Occasionally you will encounter columns that can’t be sorted by name, for example those returned by fselect’s built-in aggregation functions. You can refer to columns by index, starting at 1- so these two invocations would be equivalent:

fselect name, size from /tmp/fselect_test/ order by name, size
fselect name, size from /tmp/fselect_test/ order by 1, 2

Other SQL-Like Features

fselect implements a couple other features that are familiar to a user of SQL. One that’s already been used in this post is the WHERE clause, which allows you to filter results based upon a boolean expression.
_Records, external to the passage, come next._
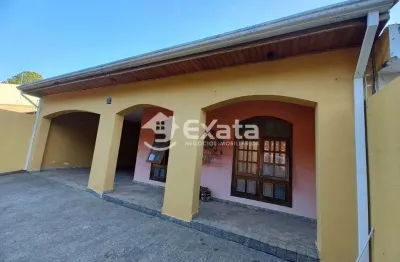 Casa com 3 quartos à venda na Rua João Delgado Hidalgo, 256, Parque Três Meninos, Sorocaba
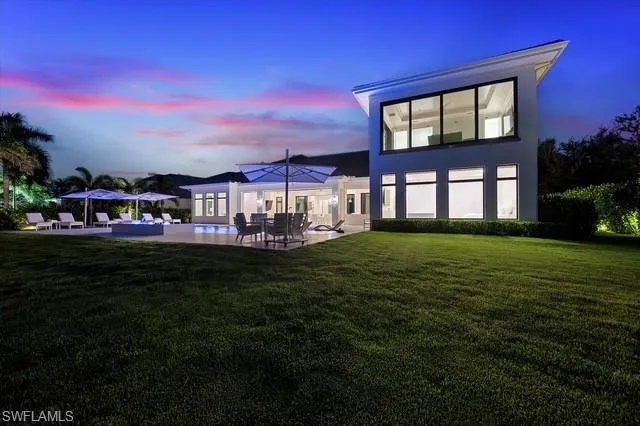 $7,850,000 | 6285 Highcroft Drive, Naples, FL 34119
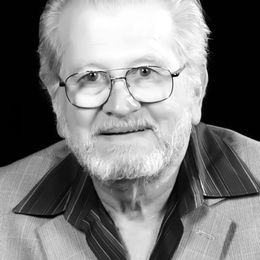 Photo of Anthony Harold Touchard, obituary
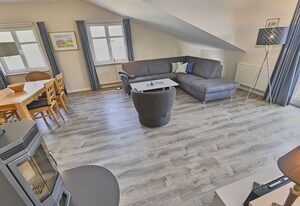 Villa Seerose Sellin | Wohnung 12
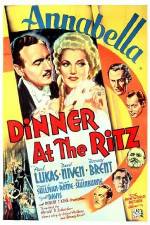 Watch Dinner at the Ritz Movie25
An example would be limiting results by filesize:

$ fselect 'path, size from /usr where size > 100M'
/usr/lib/jvm/java-9-openjdk-amd64/lib/modules   157113207
/usr/lib/chromium/chromium      115077616

This > operator can also be referred to with “gt”, which makes it easier to type out without quoting in the shell.

The where clause is also useful for doing regular expression matches against string columns:

$ fselect path where name =~ '.*note.*\.txt$'
notes/mentorship_program_notes_20150415.txt
notes/t5220_notes.txt
notes/keyboard_notes.txt

fselect also includes a bunch of built-in functions that are similar to SQL functions like SUM, LENGTH, and COUNT. Want to find the longest 10 filenames in /usr?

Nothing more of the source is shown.